## Your task
Locate the line with "2023 Kia Carnival LX" in the material. Copy that line and each one after it, through the last, exactly and with nothing else.

## Supplied records

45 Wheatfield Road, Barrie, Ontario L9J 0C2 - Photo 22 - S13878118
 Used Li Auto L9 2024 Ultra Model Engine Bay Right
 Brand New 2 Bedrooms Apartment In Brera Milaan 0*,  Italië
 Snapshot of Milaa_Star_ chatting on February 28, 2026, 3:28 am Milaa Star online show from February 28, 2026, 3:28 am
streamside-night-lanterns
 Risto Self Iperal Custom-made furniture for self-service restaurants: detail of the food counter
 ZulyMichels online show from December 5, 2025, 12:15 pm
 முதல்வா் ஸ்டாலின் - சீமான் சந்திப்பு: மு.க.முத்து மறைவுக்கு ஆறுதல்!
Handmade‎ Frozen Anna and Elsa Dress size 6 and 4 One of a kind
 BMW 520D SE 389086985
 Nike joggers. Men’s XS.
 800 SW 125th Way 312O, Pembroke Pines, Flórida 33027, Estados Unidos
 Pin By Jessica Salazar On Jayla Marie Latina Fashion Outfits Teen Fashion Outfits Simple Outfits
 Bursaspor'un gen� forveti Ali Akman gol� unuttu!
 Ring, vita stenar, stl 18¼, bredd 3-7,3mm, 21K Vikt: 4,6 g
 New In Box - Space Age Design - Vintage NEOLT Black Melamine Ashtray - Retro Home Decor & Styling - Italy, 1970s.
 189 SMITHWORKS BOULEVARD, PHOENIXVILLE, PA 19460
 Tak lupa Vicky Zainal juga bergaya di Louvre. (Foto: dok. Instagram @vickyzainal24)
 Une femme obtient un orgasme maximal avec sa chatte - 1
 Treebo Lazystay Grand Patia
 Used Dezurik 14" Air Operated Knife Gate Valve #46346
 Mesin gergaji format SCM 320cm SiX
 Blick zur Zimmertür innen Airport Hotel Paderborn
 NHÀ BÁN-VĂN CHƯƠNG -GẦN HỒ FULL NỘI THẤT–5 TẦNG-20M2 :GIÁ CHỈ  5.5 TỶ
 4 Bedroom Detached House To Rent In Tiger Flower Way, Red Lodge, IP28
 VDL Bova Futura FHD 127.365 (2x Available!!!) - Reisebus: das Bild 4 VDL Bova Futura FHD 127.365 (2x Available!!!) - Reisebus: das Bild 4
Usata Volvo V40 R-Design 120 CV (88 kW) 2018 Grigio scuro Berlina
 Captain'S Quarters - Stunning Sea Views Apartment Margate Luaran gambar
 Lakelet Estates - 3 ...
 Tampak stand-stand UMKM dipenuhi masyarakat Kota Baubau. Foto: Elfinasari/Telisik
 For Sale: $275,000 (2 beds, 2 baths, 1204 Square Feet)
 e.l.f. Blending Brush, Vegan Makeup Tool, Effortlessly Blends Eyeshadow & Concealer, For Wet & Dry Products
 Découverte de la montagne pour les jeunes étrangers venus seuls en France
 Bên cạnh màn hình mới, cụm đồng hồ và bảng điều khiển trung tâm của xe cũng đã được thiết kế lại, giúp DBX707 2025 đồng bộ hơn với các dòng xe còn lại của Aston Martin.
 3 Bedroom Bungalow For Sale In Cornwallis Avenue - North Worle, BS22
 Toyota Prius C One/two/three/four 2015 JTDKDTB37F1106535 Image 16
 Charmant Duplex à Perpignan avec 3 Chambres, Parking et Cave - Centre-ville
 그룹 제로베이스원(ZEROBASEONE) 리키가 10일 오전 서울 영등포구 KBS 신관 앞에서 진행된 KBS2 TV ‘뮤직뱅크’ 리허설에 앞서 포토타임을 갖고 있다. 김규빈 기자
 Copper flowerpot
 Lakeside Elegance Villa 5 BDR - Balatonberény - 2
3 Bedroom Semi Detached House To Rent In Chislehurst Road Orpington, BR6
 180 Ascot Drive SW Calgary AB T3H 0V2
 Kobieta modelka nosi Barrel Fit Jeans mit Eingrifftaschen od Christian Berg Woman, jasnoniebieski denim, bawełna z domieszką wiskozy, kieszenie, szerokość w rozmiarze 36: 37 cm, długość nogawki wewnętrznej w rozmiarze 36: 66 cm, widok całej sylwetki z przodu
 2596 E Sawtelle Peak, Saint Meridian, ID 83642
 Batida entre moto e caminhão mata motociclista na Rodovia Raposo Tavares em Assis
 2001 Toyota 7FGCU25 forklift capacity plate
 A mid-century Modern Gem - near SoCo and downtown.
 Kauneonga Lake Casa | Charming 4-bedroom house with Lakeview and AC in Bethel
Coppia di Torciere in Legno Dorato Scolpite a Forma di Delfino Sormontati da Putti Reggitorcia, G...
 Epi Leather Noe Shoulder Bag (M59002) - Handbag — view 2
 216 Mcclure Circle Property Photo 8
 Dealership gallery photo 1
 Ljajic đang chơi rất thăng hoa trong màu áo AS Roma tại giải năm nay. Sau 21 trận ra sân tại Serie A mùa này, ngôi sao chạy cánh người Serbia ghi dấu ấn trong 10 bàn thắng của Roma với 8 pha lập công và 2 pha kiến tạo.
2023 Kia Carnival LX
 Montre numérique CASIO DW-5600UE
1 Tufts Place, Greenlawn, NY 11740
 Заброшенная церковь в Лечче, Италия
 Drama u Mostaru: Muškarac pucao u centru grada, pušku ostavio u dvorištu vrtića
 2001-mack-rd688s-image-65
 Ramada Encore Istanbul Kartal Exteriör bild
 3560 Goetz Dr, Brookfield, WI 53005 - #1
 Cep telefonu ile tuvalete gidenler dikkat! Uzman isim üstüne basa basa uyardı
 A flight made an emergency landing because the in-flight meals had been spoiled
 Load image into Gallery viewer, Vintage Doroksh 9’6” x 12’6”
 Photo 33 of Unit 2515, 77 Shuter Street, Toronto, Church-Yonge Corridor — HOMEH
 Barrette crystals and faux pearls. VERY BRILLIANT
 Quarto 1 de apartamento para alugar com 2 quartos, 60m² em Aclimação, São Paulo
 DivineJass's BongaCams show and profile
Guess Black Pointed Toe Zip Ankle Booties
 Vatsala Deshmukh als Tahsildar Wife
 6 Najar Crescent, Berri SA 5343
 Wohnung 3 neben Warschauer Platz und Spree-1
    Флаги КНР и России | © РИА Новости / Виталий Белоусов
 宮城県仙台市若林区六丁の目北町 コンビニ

## Task result
2023 Kia Carnival LX
 Montre numérique CASIO DW-5600UE
1 Tufts Place, Greenlawn, NY 11740
 Заброшенная церковь в Лечче, Италия
 Drama u Mostaru: Muškarac pucao u centru grada, pušku ostavio u dvorištu vrtića
 2001-mack-rd688s-image-65
 Ramada Encore Istanbul Kartal Exteriör bild
 3560 Goetz Dr, Brookfield, WI 53005 - #1
 Cep telefonu ile tuvalete gidenler dikkat! Uzman isim üstüne basa basa uyardı
 A flight made an emergency landing because the in-flight meals had been spoiled
 Load image into Gallery viewer, Vintage Doroksh 9’6” x 12’6”
 Photo 33 of Unit 2515, 77 Shuter Street, Toronto, Church-Yonge Corridor — HOMEH
 Barrette crystals and faux pearls. VERY BRILLIANT
 Quarto 1 de apartamento para alugar com 2 quartos, 60m² em Aclimação, São Paulo
 DivineJass's BongaCams show and profile
Guess Black Pointed Toe Zip Ankle Booties
 Vatsala Deshmukh als Tahsildar Wife
 6 Najar Crescent, Berri SA 5343
 Wohnung 3 neben Warschauer Platz und Spree-1
    Флаги КНР и России | © РИА Новости / Виталий Белоусов
 宮城県仙台市若林区六丁の目北町 コンビニ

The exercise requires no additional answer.